Work order
No pictures, no extra lines: copy exactly from the line with "your wedding photo on a custom garden flag" through the end of the entries.

++++ Supplied material

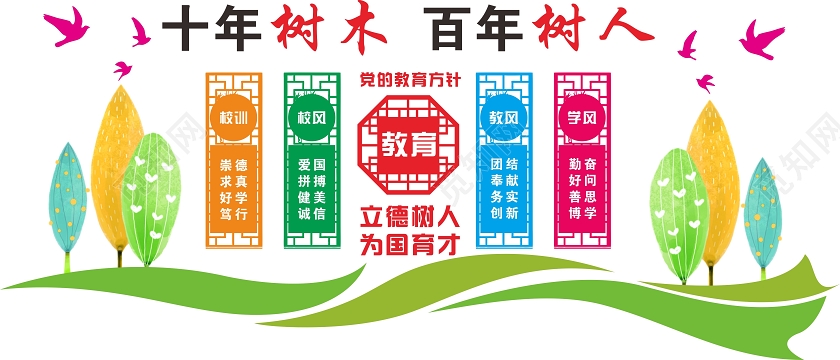 彩色清新风十年树木百年树人教师办公室文化墙海报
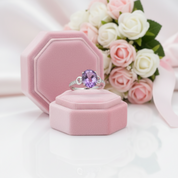 14k White Gold 3.5ct Amethyst 0.097 Ct Diamond Option Ring-Black Diamonds New York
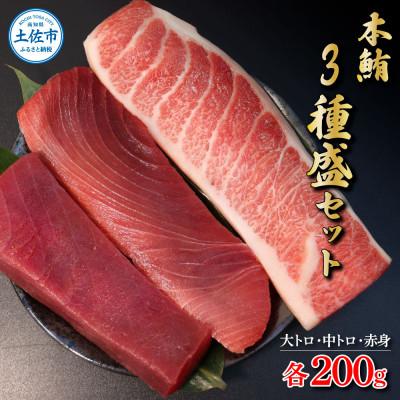 ふるさと納税 土佐市 本鮪　大トロ・中トロ・赤身　各200g　まぐろ3種盛セット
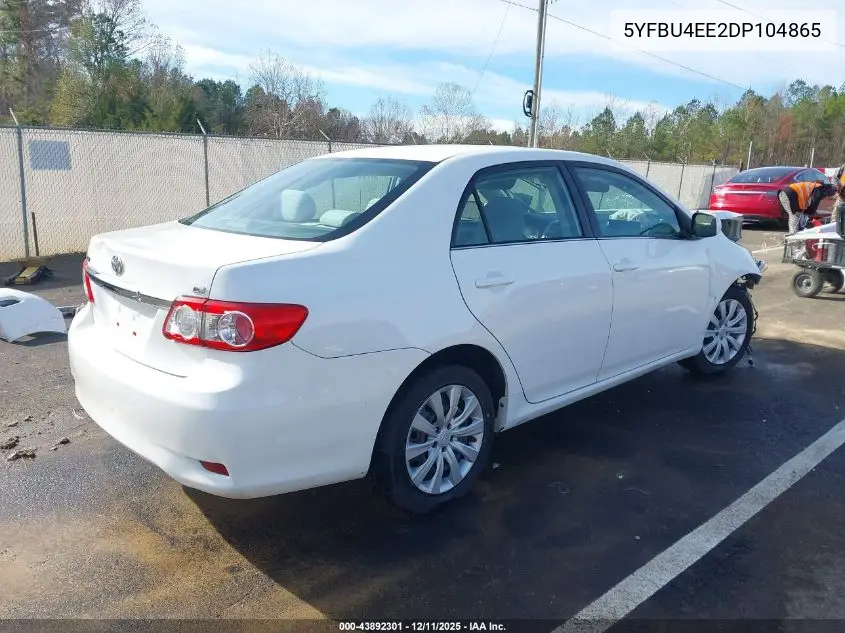 5YFBU4EE2DP104865 2013 Toyota Corolla Le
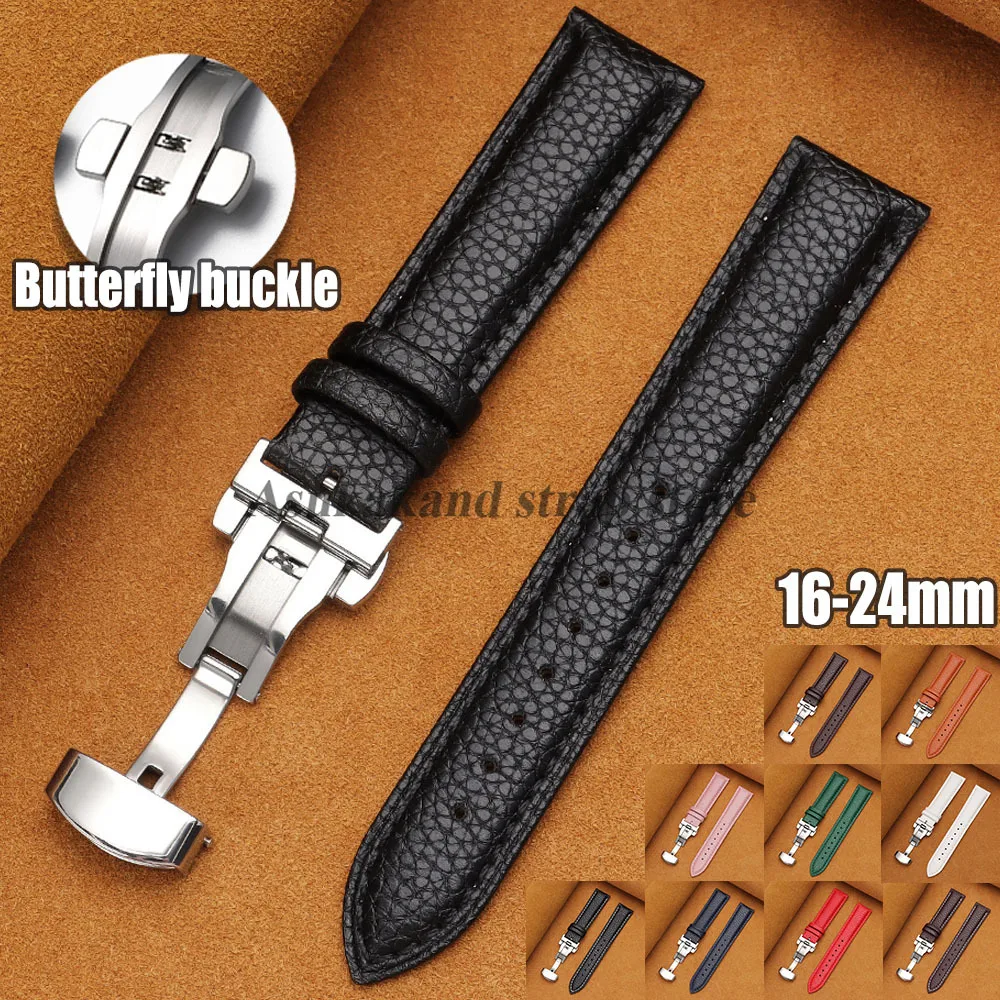 Calfskin Litchi Leather Watchband 16/19/21/24mm 18mm 20mm 22mm Watch Strap for Men Women High-Quality Butterfly Buckle WristBand
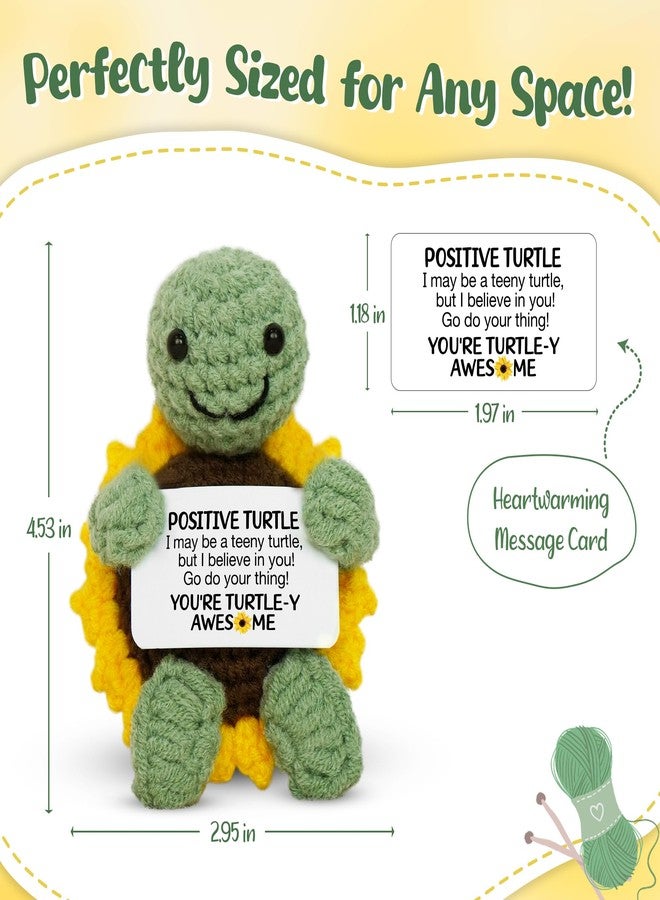 OASSIE Valentines Day Gifts for Kids Teen - Positive Turtle Crochet Animals, Galentines Birthday Easter Gifts for Teen Girls Boys Daughter Mom Sister Friend Women, Easter Basket Stuffers - Image 3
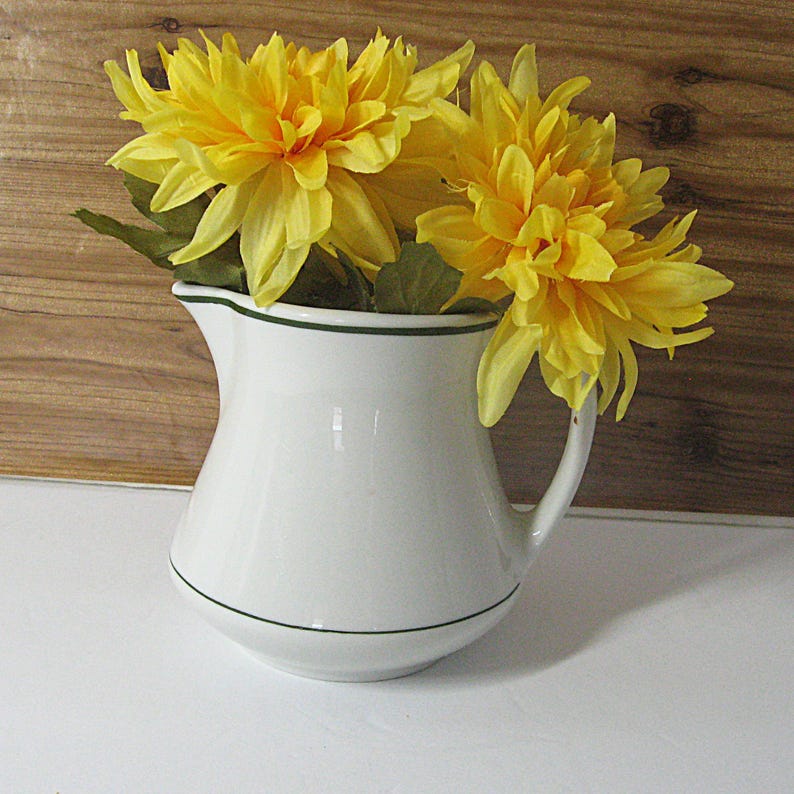 1950s Creamer Shenango Vintage Restaurant Ware G-14 White w/ Green Bands 4.5" Pitcher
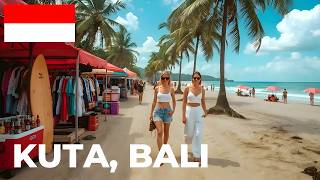 KUTA, Bali Walking Tour 🇮🇩 | Kuta Beach & Busy Streets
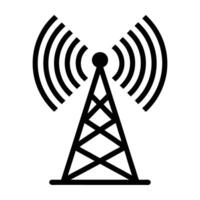 Wireless communication tower transmitting signals silhouette clearly on white background vector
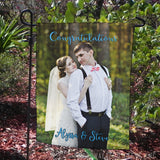your wedding photo on a custom garden flag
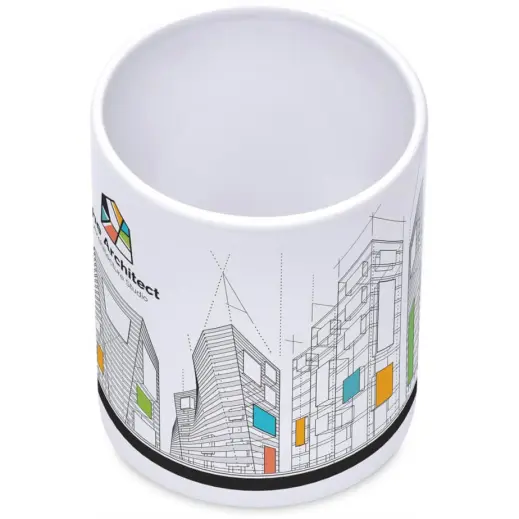 Altitude Mural Sublimation Ceramic Stationery Cup Branded Top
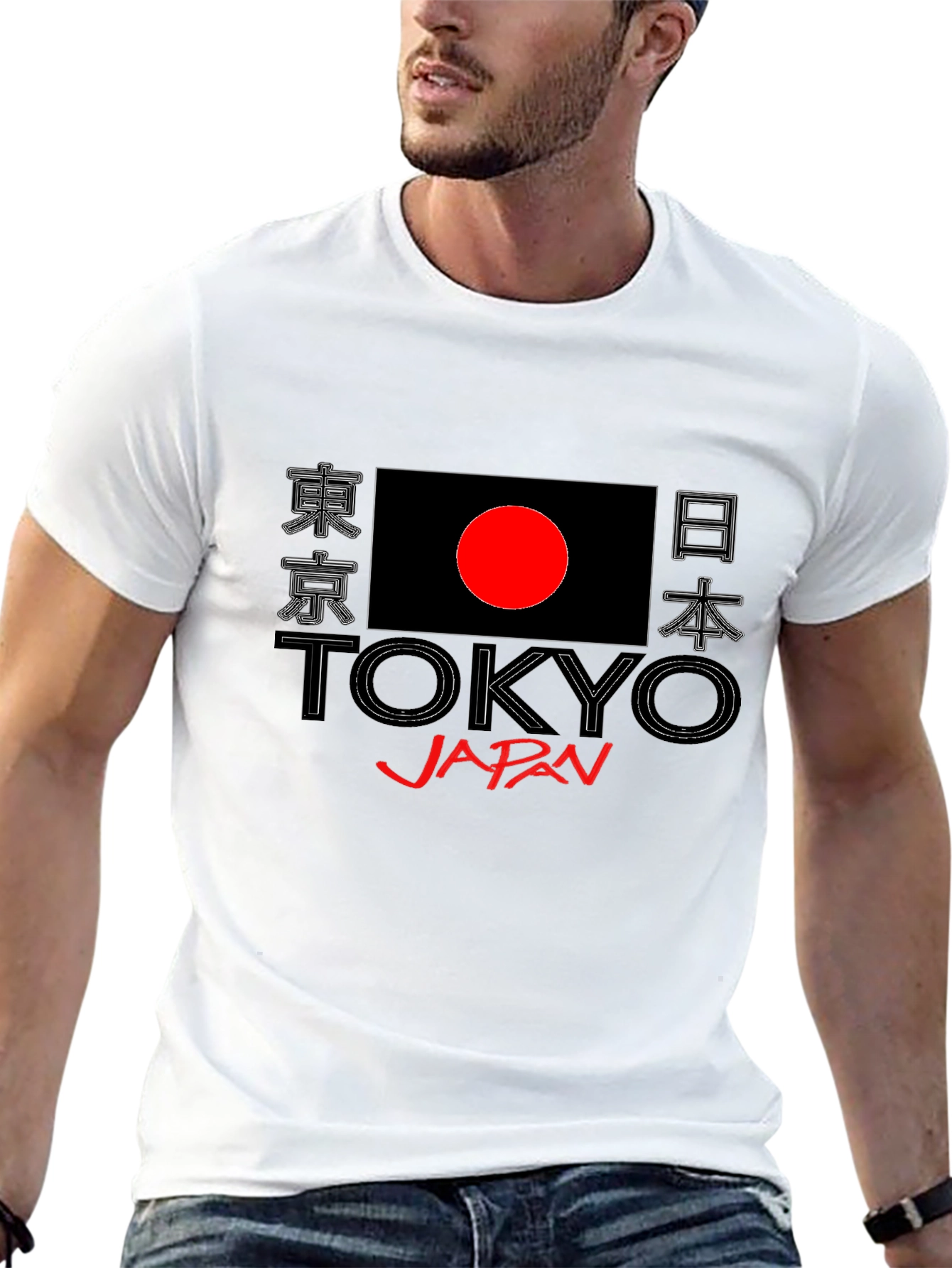 Tokyo Japan Flag Graphic Print Black T-Shirt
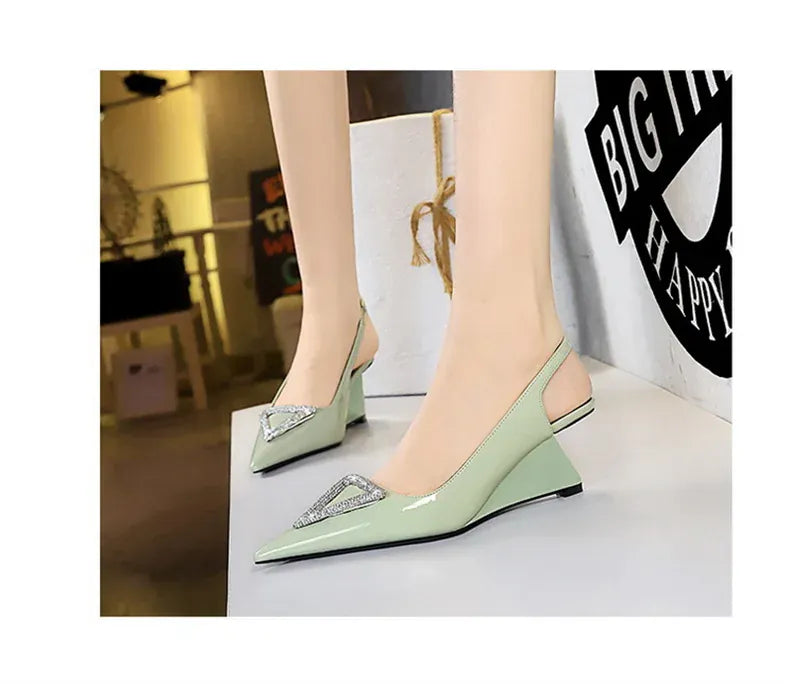 KissICON Wedges Women Shoes High Heel Shallow Pointed Toe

++++++++

Completed task
your wedding photo on a custom garden flag
 Altitude Mural Sublimation Ceramic Stationery Cup Branded Top
 Tokyo Japan Flag Graphic Print Black T-Shirt
 KissICON Wedges Women Shoes High Heel Shallow Pointed Toe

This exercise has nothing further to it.